The study found that heavy supervised fine-tuning on formal mathematics data suppressed general tool-use capabilities in the Goedel-Prover-V2 model, reducing function-calling accuracy from 89.4% to nearly 0%, but fine-tuning with just 100 Lean-specific agentic traces restored performance to 83.8% on the Berkeley Function Calling Leaderboard and improved ProofNet pass@32 from 21.51% to 25.81%.
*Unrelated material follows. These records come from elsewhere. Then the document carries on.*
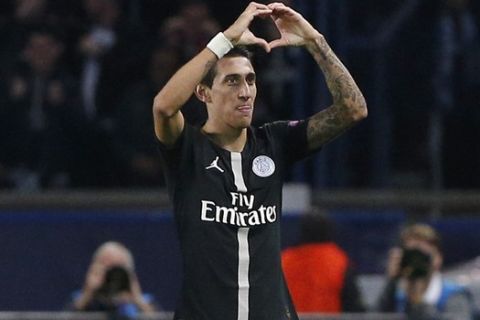 PSG forward Angel Di Maria, right, celebrates after scoring his side's second goal during a Group C Champions League soccer match between Paris Saint Germain and Napoli at the Parc des Princes stadium in Paris, Wednesday Oct. 24, 2018. (AP Photo/Thibault Camus)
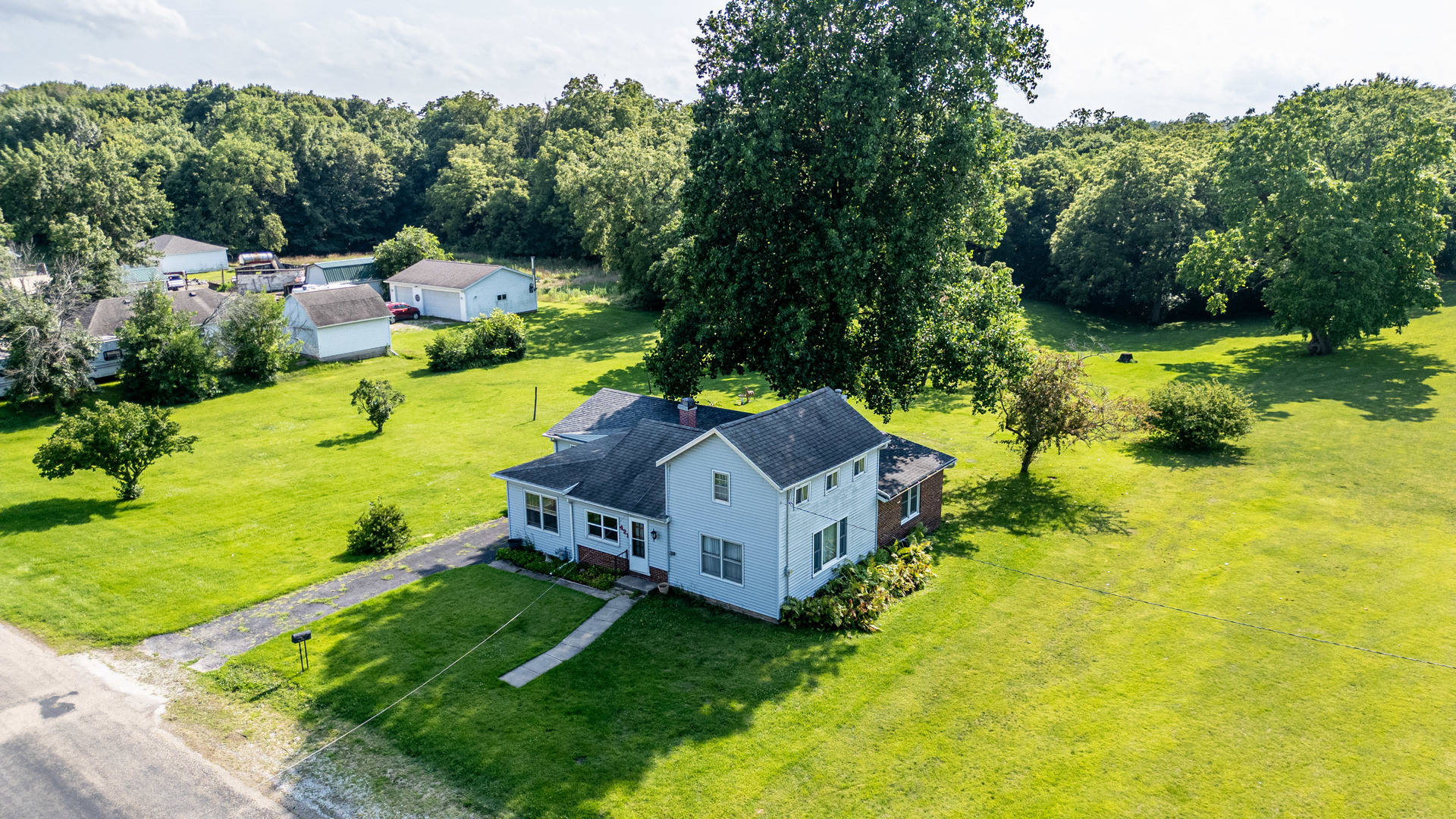 421 South Reed Street Sheffield, IL 61361 - Photo 1 of 28 an aerial view of a house with a yard basket ball court and outdoor seating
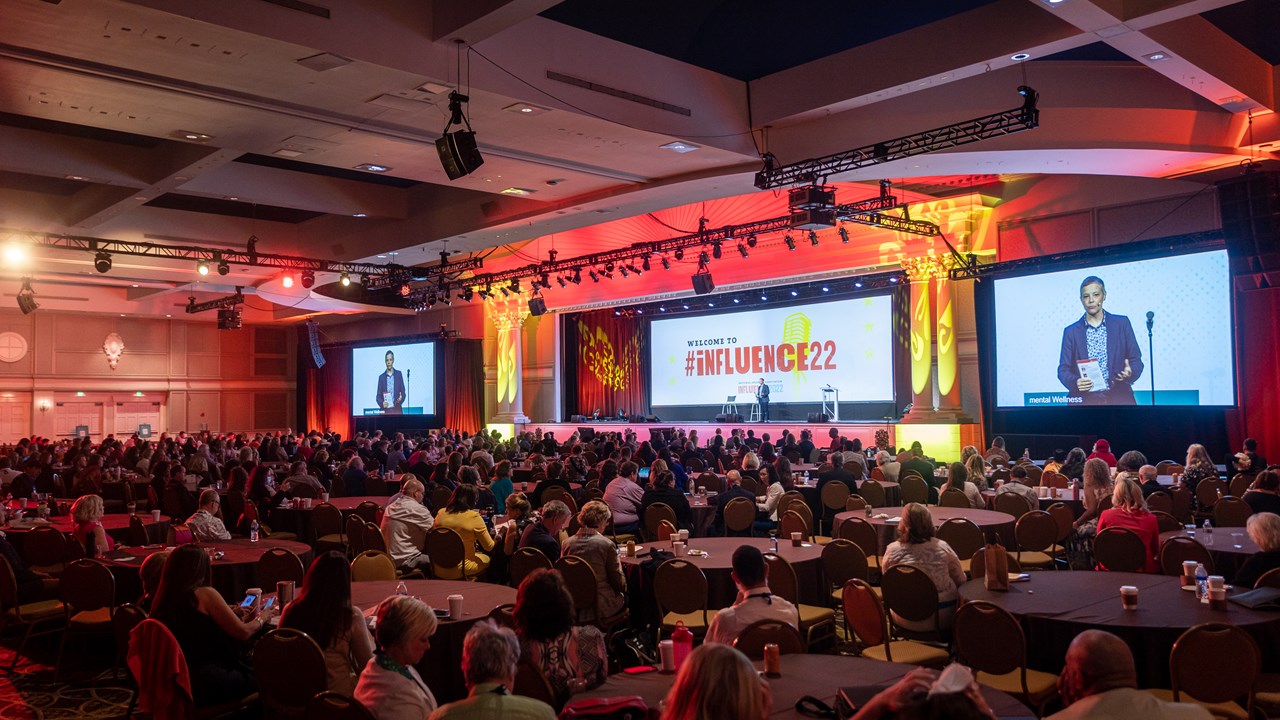 Amy Climer presenting to a large audience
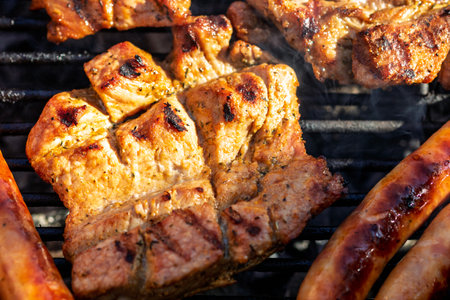 Pork chops, steak, sausages on barbecue grill with smokeの写真素材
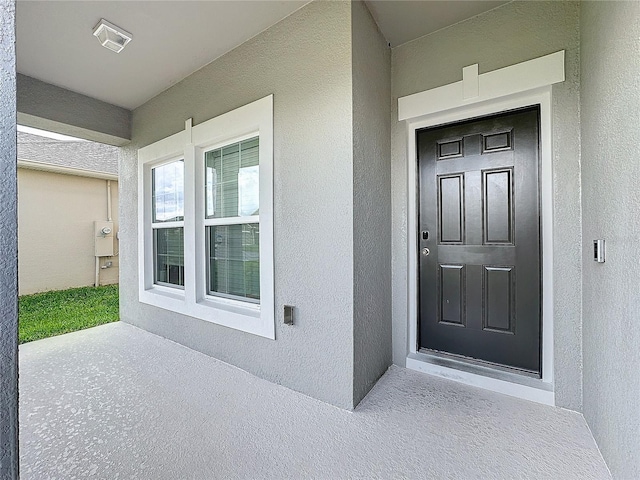 doorway to property with covered porch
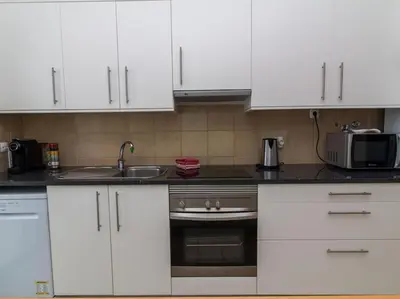 a kitchen with white cabinets and a sink and a microwave at Rainbow House by Stay ici Algarve Holiday Rental in Albufeira
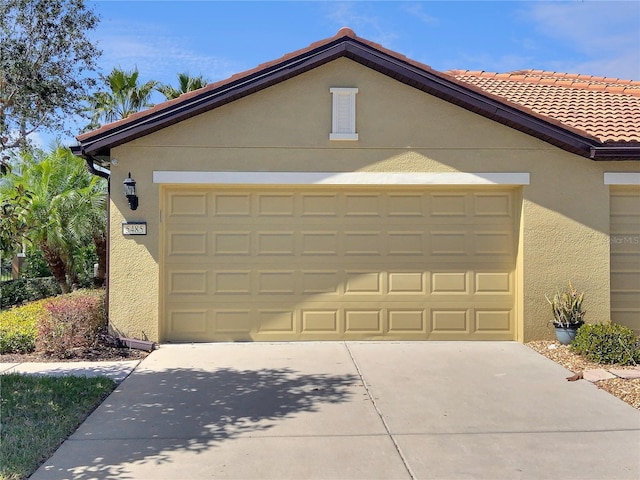 garage with driveway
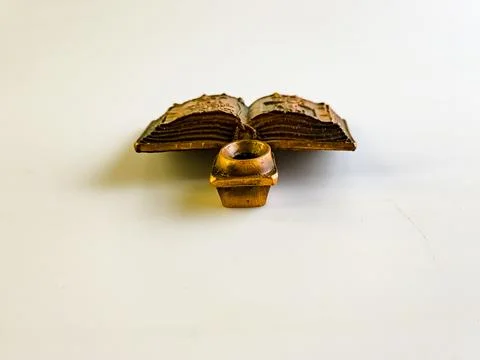 Religious copper candlestick in the form of an open bible and a place for a.. Stock Photos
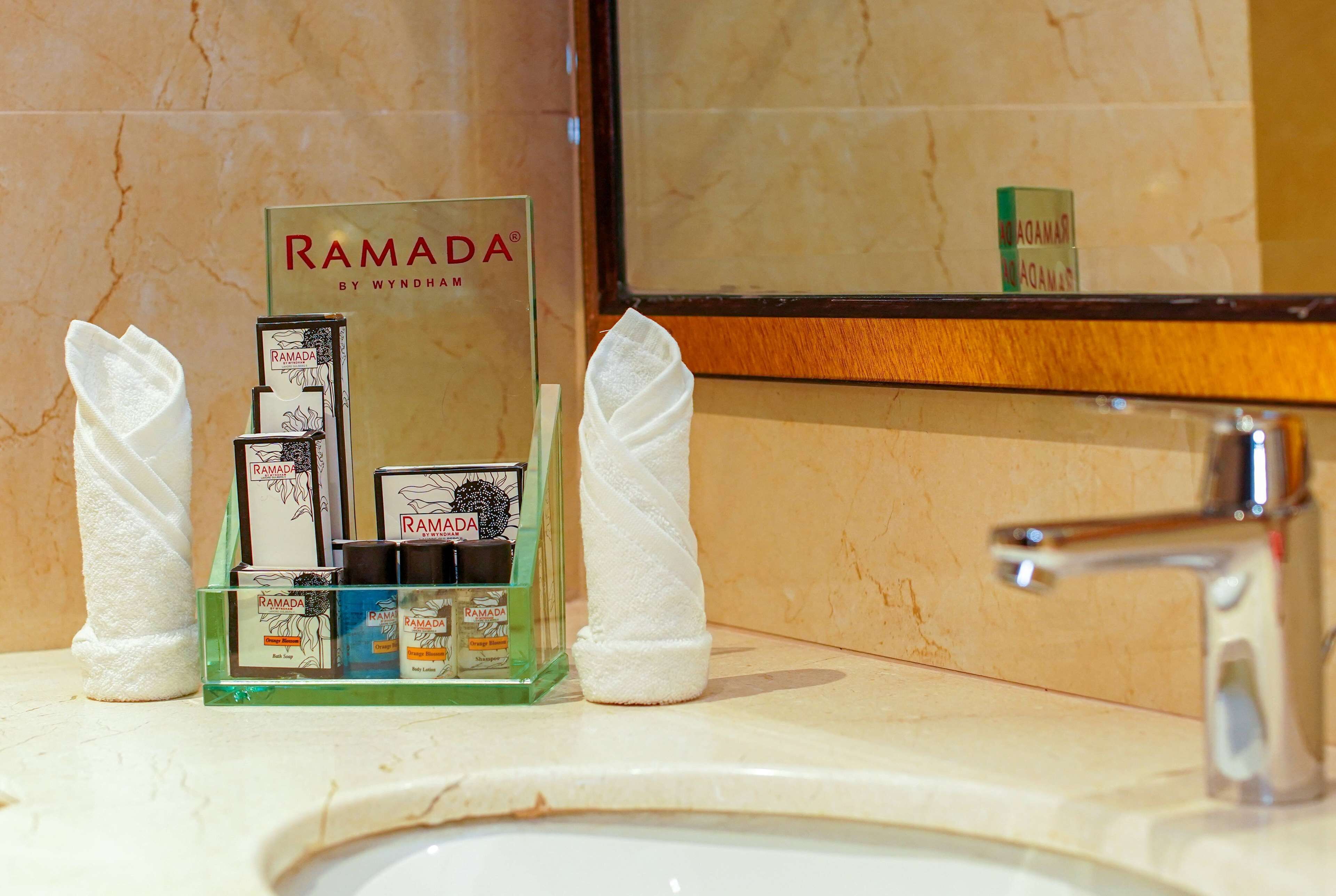 Casa de banho com lavatório de mármore, um frasco de vidro com produtos de higiene pessoal e um espelho a refletir uma garrafa verde.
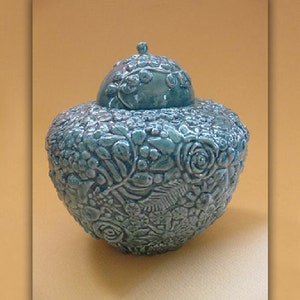 May include: A teal ceramic jar with a lid, decorated with a floral design. The jar is intricately detailed with raised flowers and leaves.
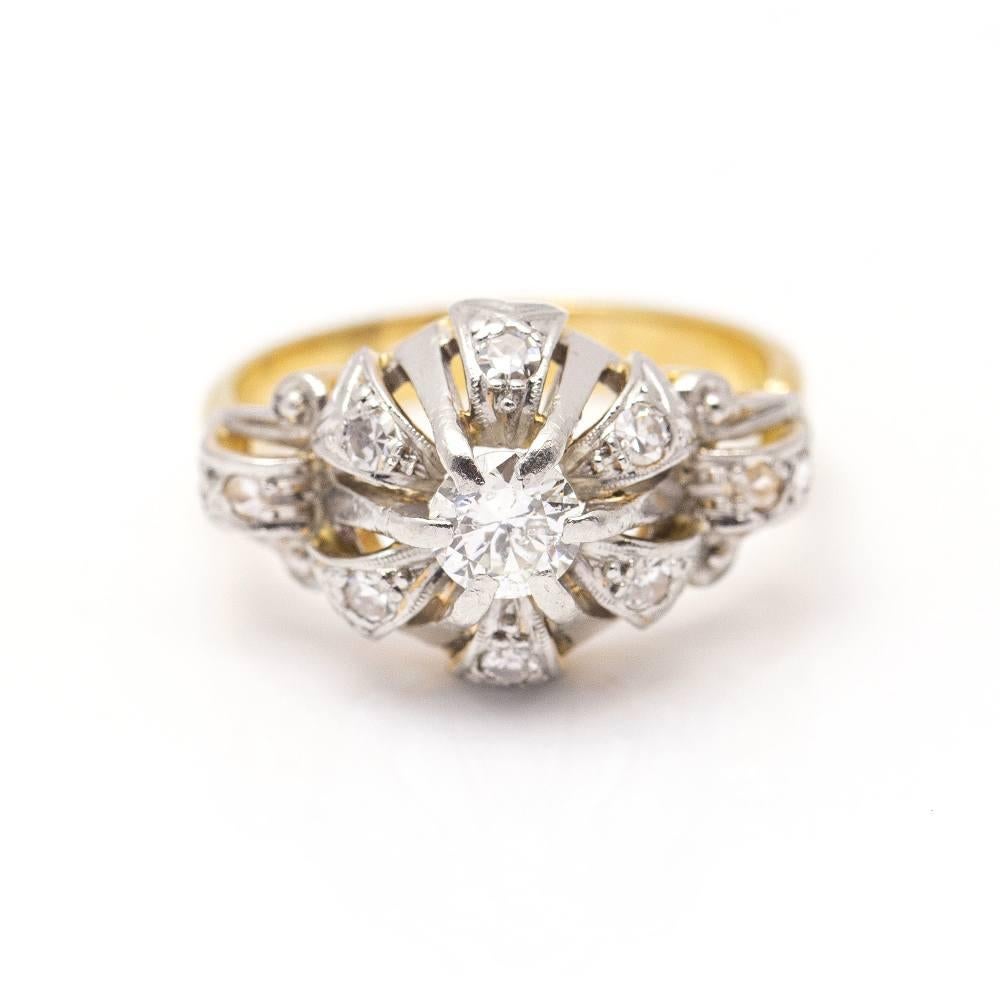 Vintage Belle Époque 1940's two-tone ring for woman  11x Brilliant Cut Diamonds with a total weight of approx. 0,55ct  Size 14,5 can be adapted to other sizes (ask for quotation)  18kt Yellow Gold and 950 Platinum  5,87 grams.  This ring is in
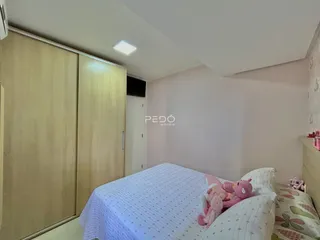 Quarto com cama e armário de madeira no interior da residência.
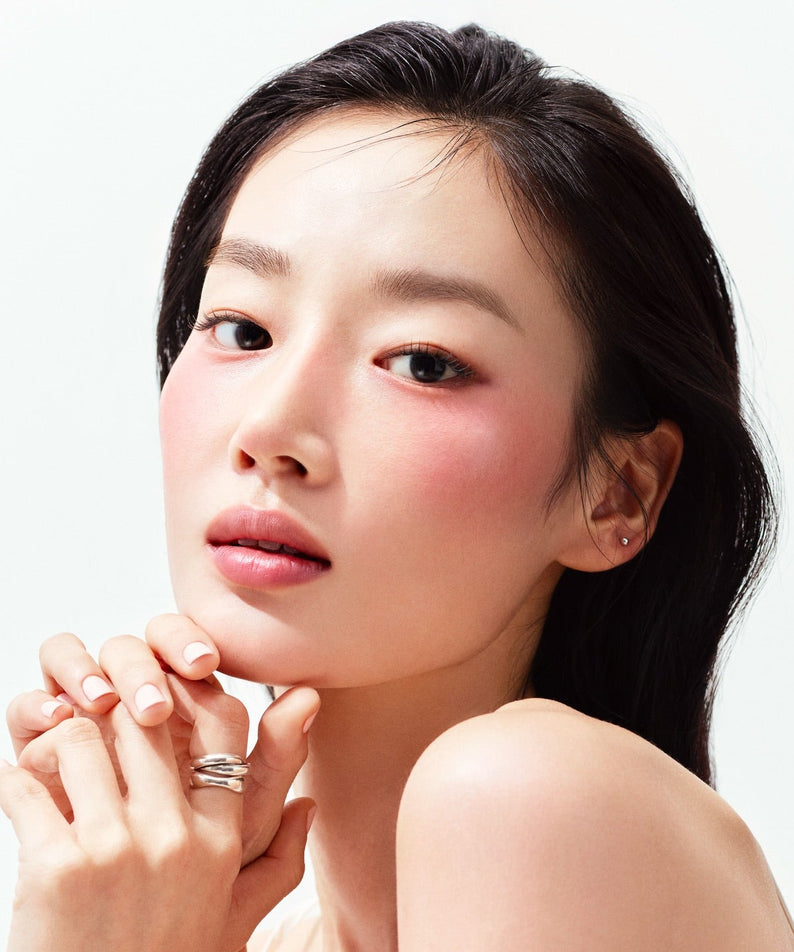 HERA Reflection Liquid Blush 7.5g : gros plan sur le visage maquillé avec touche de blush, style beauté sur fond clair.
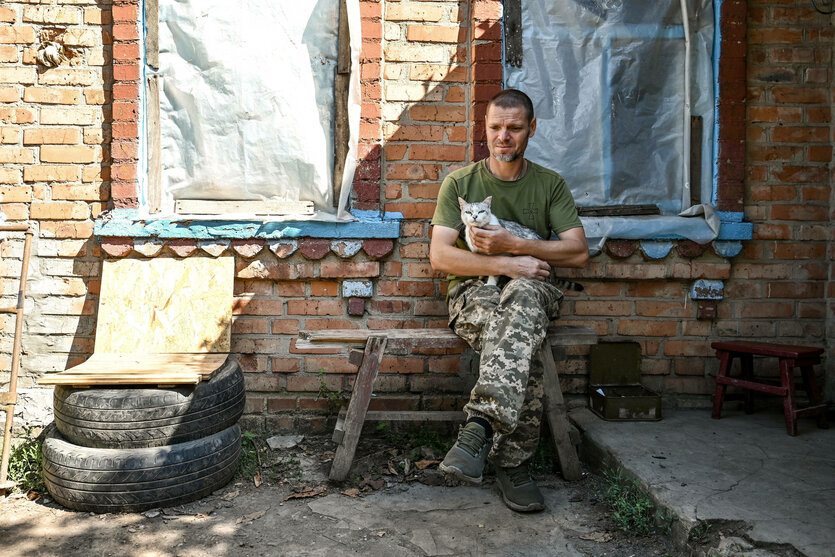 Soldat sitzt mit Katze auf dem Arm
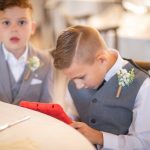Candid preparation at a wedding with two young boys using a tablet computer.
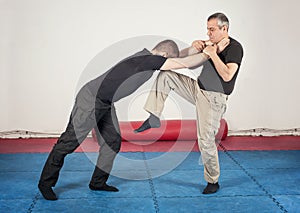 Street fighting self defense technique against holds and grabs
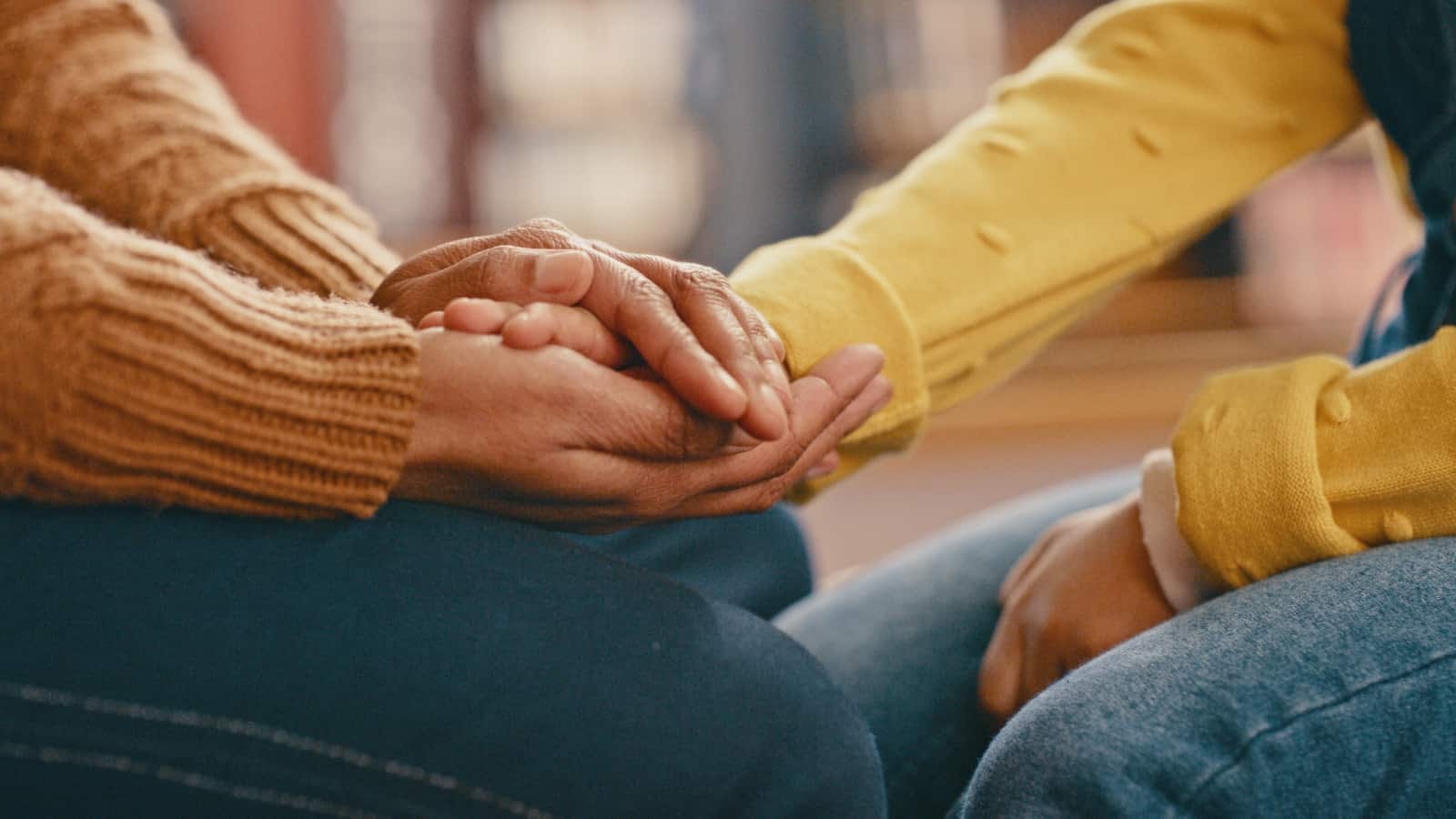 close-up of two women's hands in consoling hand-hold.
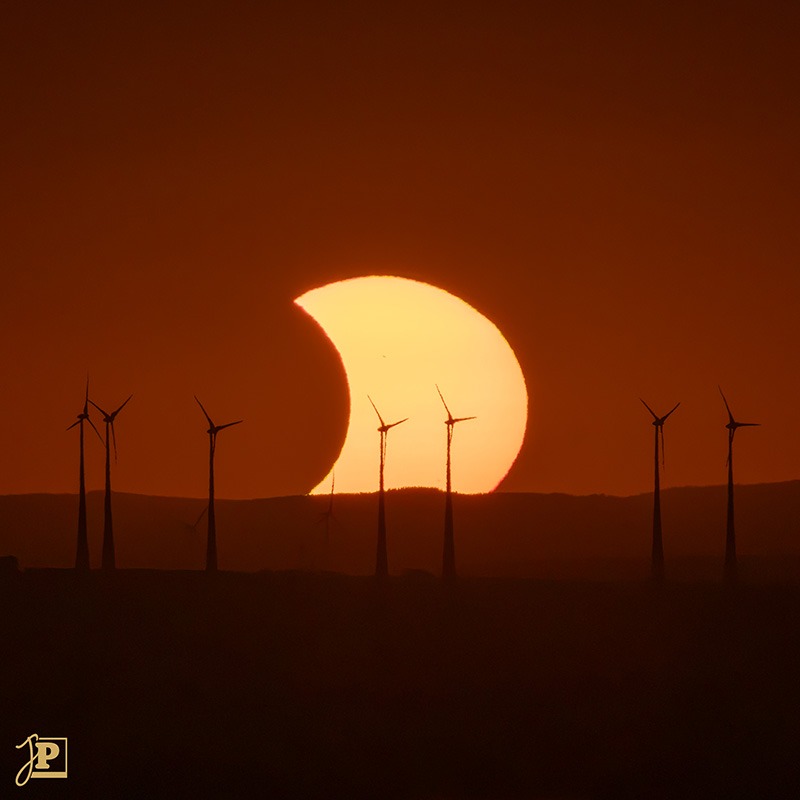 Sunset with silhouetted wind turbines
Heavy supervised fine-tuning on a target domain can strongly suppress capabilities that were present in the base model. We study this phenomenon in formal mathematics using Goedel-Prover-V2, an open-source model heavily trained on 1.8 million formal-math examples. After domain specialization, the model almost completely loses its ability to produce valid tool calls, even when explicitly instructed to use tools, dropping from 89.4% function-calling accuracy in the base model to nearly 0%. We ask whether this agentic collapse is permanent or instead reversible. To answer this question, we fine-tune the specialized model on a small amount of Lean-specific tool-use data. Remarkably, as few as 100 agentic traces are sufficient to restore strong tool-calling behavior. Importantly, this recovery is not the result of reward hacking or benchmark-specific optimization: the recovery data is entirely drawn from the Lean setting, where the model uses natural-language queries to search the Mathlib library for relevant theorems and lemmas, yet the regained capability transfers well beyond that domain. In particular, these same 100 Lean-specific traces improve performance on the Berkeley Function Calling Leaderboard from near zero to 83.8%, approaching the base model's 89.4% despite the mismatch in task distribution and protocol. The recovered capability is also practically useful in-domain. On ProofNet, pass@32 improves from 21.51% to 25.81%. Together, these results show that heavy domain supervised fine-tuning can suppress general tool-use ability without permanently erasing it, and that a small amount of domain-specific agentic data can awaken dormant tool-use capabilities.